1. **Proses Konstitusional**: Mengubah Watimpres menjadi DPA memerlukan perubahan konstitusi. Proses ini tidak mudah dan memerlukan persetujuan dari banyak pihak, termasuk DPR dan MPR.
2. **Resistensi Politik**: Tidak semua pihak akan mendukung perubahan ini. Beberapa pihak mungkin melihat ini sebagai langkah mundur atau bahkan sebagai upaya memperkuat kekuasaan presiden dengan mengontrol lembaga konsultatif yang lebih kuat.
3. **Pendanaan dan Sumber Daya**: Menghidupkan kembali DPA akan membutuhkan anggaran dan sumber daya yang tidak sedikit.
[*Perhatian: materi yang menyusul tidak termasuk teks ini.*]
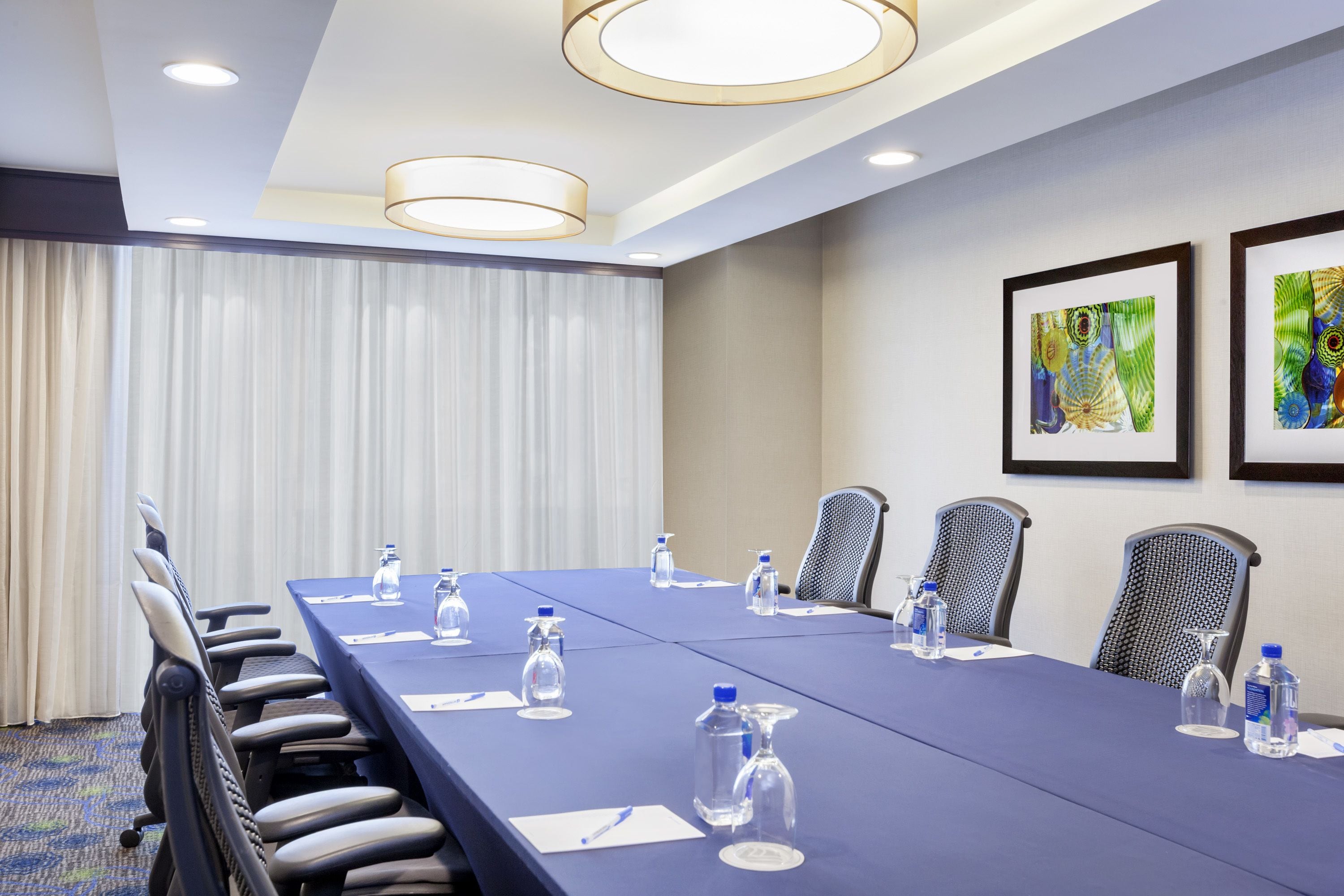 A conference room with a long table, chairs, water bottles, and framed artwork on the walls.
Pemerintah perlu memastikan bahwa pengeluaran ini sepadan dengan manfaat yang diharapkan.
### Perspektif Sejarah
DPA memiliki sejarah panjang dalam pemerintahan Indonesia. Didirikan pada masa awal kemerdekaan, DPA berfungsi sebagai lembaga penasehat utama bagi presiden. Namun, perannya sering kali dianggap simbolis dan tidak efektif dalam mempengaruhi kebijakan besar. Kritik terhadap DPA pada masa Orde Baru mencakup pandangan bahwa lembaga ini lebih menjadi "stempel" kekuasaan daripada memberikan pertimbangan yang kritis dan independen.
### Manfaat Potensial
Jika berhasil direalisasikan, ada beberapa manfaat potensial dari perubahan ini:
1. **Kualitas Nasihat yang Lebih Baik**: Dengan struktur yang lebih kuat dan independen, DPA dapat memberikan nasihat yang lebih mendalam dan terinformasi kepada presiden.
2. **Peningkatan Akuntabilitas**: DPA yang memiliki kredibilitas tinggi dapat menjadi mekanisme kontrol dan keseimbangan yang efektif terhadap keputusan presiden, meningkatkan akuntabilitas dalam pemerintahan.
3. **Fokus pada Kebijakan Strategis**: DPA dapat difokuskan pada isu-isu strategis jangka panjang, membantu pemerintah untuk tidak hanya fokus pada masalah-masalah sehari-hari, tetapi juga merencanakan masa depan yang lebih baik.